:: Your goal ::
Copy out the data below from the line containing "2013 HYUNDAI SONATA" to the line containing "Alt view image", both lines included, with all images left out.

(Dataset entries)

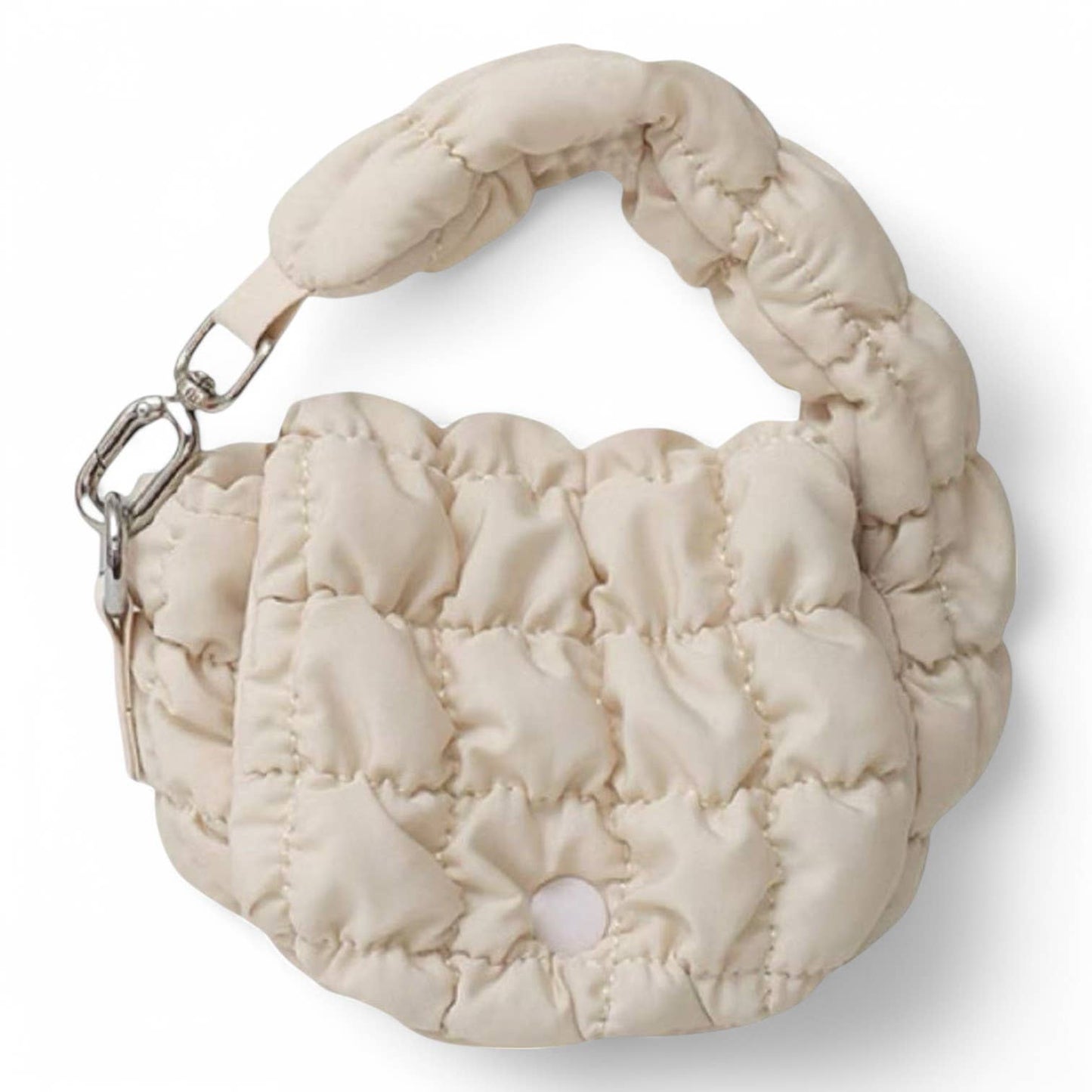 Mini Quilted Puffer Bag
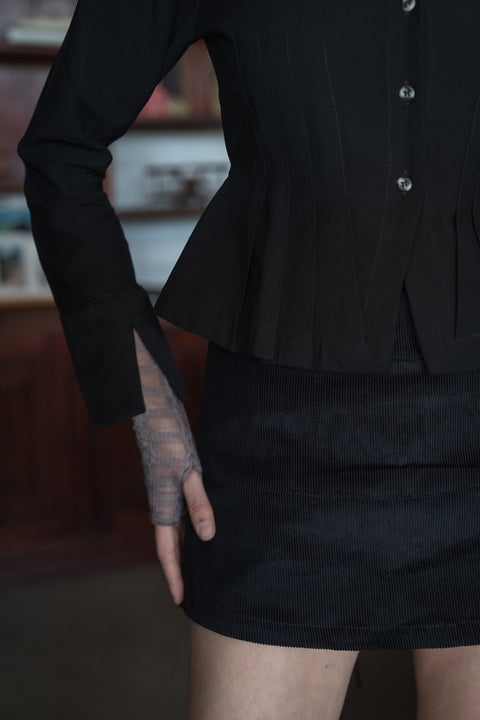 Blusa Aegorhinus Negra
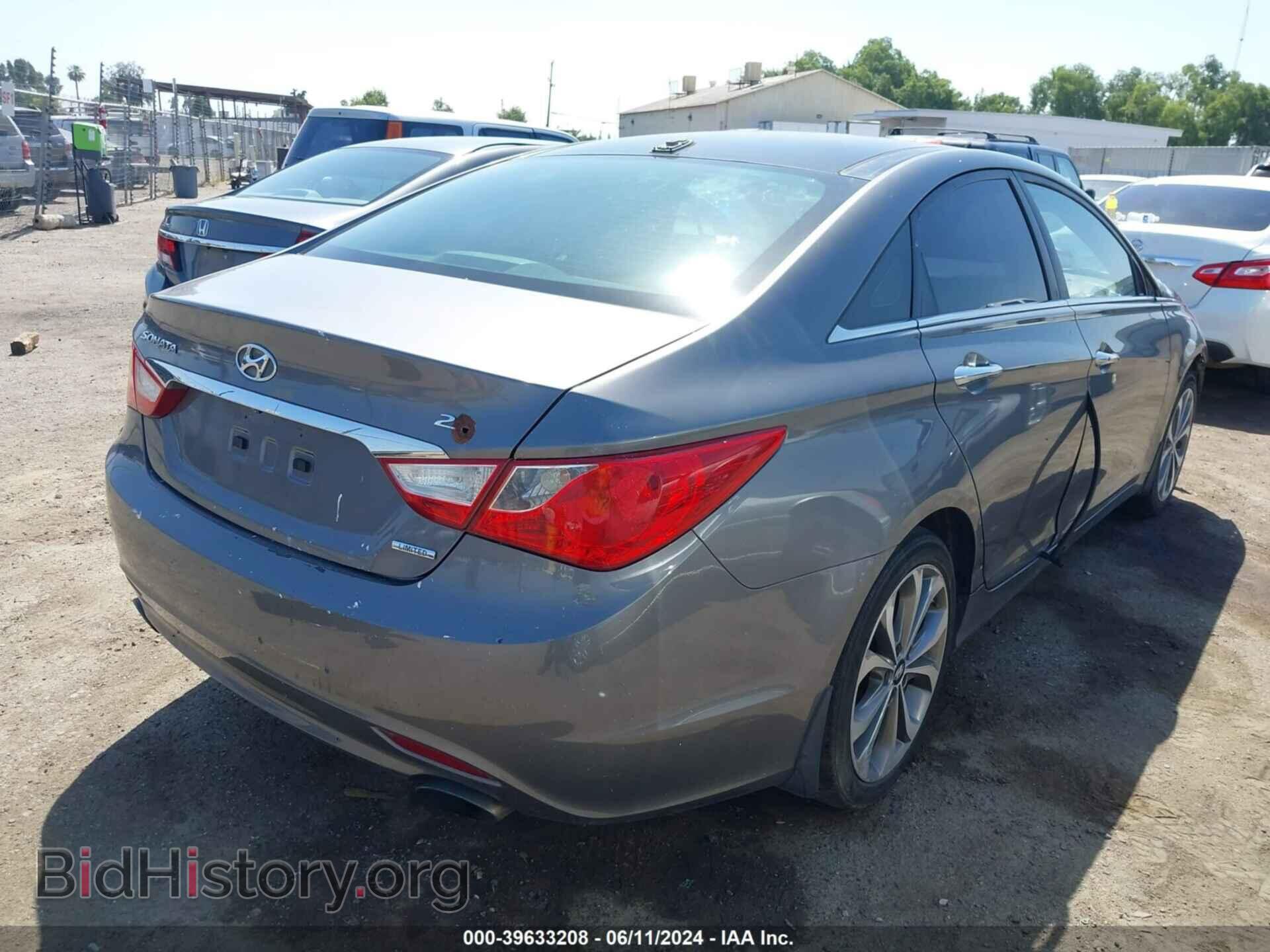 2013 HYUNDAI SONATA - VIN: 5NPEC4AB2DH607952 - Фото 4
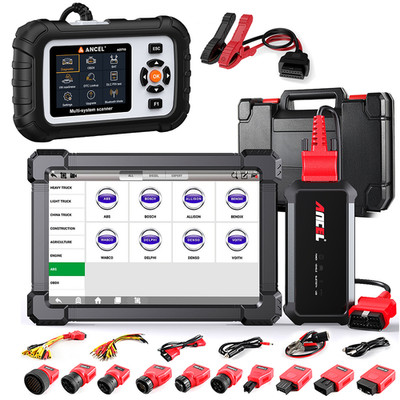 HD Diesel Truck Scanner Diagnostic Tool Full System DPF Regen ECU Coding Reset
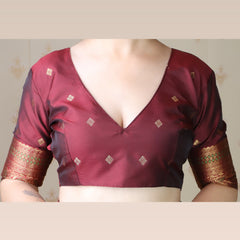 Premium Banarasi Soft Silk Saree with Blouse Piece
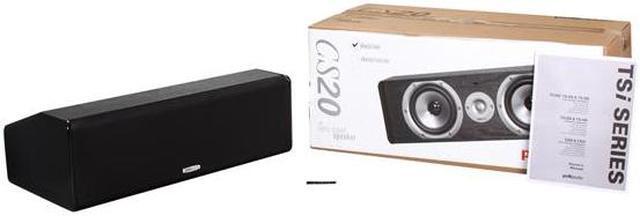 Alt view image 5 of 5 - Polk Audio CS20 Black Center Speaker Single
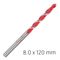ALPEN Profi Multicut Drill Bit 8.0mmx120mm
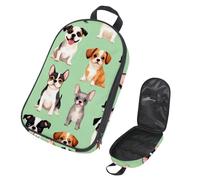 VAPOKF Bolsa organizadora de utensilios de camping de viaje, Jack Russell Terrier, Bulldogs de Francia, bolsa de almacenamiento para utensilios de cocina, accesorios de cocina, bolsa de almacenamiento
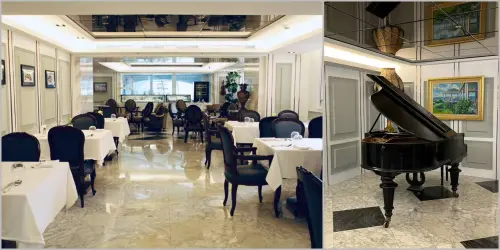 ▲邁進大米義式廚房，柔和燈光與低調奢華風，襯托義大利古典音樂，讓人彷彿置身歐洲莊園。（圖／業者提供）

:: Task response ::
 2013 HYUNDAI SONATA - VIN: 5NPEC4AB2DH607952 - Фото 4
 HD Diesel Truck Scanner Diagnostic Tool Full System DPF Regen ECU Coding Reset
 Premium Banarasi Soft Silk Saree with Blouse Piece
 Alt view image 5 of 5 - Polk Audio CS20 Black Center Speaker Single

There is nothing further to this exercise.